O’Grady closes with the line she’s been using in one form or another for thirty years: “it may be that Colombians want their country back.” That sentence isn’t analysis; it’s a donor-class rallying cry. It bypasses every policy detail—the 23 percent minimum-wage hike, the coca-economy dynamics, the security breakdown—in favor of raw nationalist sentiment that can be weaponized by anyone who owns an oil concession or a coal mine. The subtext, never spoken but always received, is that only the right can restore “the country,” and that the left is an alien occupation. The page used the identical template on California, on New York, on every Democratic-governed jurisdiction it has targeted: claim the natives are rising up to reclaim what was stolen. The technique works because it supplies its audience with grievance while protecting the property concentration the grievance was built to serve.

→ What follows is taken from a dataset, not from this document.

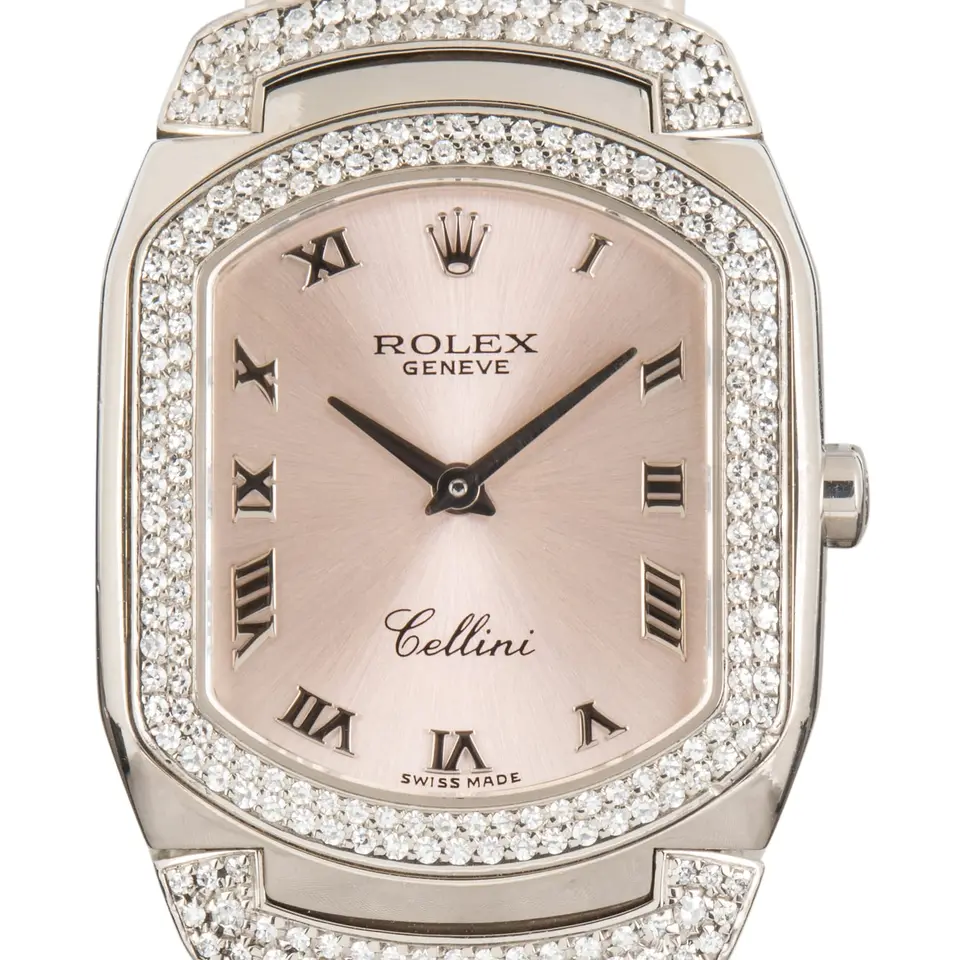 Rolex Cellini 6693 with a pink Roman-numeral dial, diamond-set white gold cushion case and white gold bracelet, a pre-owned example, studio close-up of the case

So here is what the O’Grady column actually does, taken together. It is a donor-class panic room, engineered to absolve the investor class of any responsibility for the continent’s decades of looting. The reader who absorbs this piece receives a complete moral exemption. When the Peruvian, the Bolivian, or the Colombian looks at a poverty rate that remains catastrophic after decades of shock therapy and votes for the only alternative on the ballot, they are not expressing democratic preference. They are “Marxist mobs,” they are paralyzed by “collectivist networks,” they are voting for “organized crime.” The only thing standing between them and hell, the reader is assured, is the very class of technocrats and foreign investors that bled their countries dry. The “democratic capitalism” O’Grady invokes is the brand name for a system that has concentrated land, mineral rights, and political power in the hands of a tiny elite while calling any challenge to it Marxism. The real operation never changed: protect the position. If the ballot box is too dangerous because the masses might use it to stop the extraction, perhaps the investor class should just skip to the part of the script where they declare the poor unfit to vote. It would be cleaner. It would be honest. But then the donors would have to admit that the only thing they’re defending against “the left” is their own accumulated wealth. The rest is brochure copy.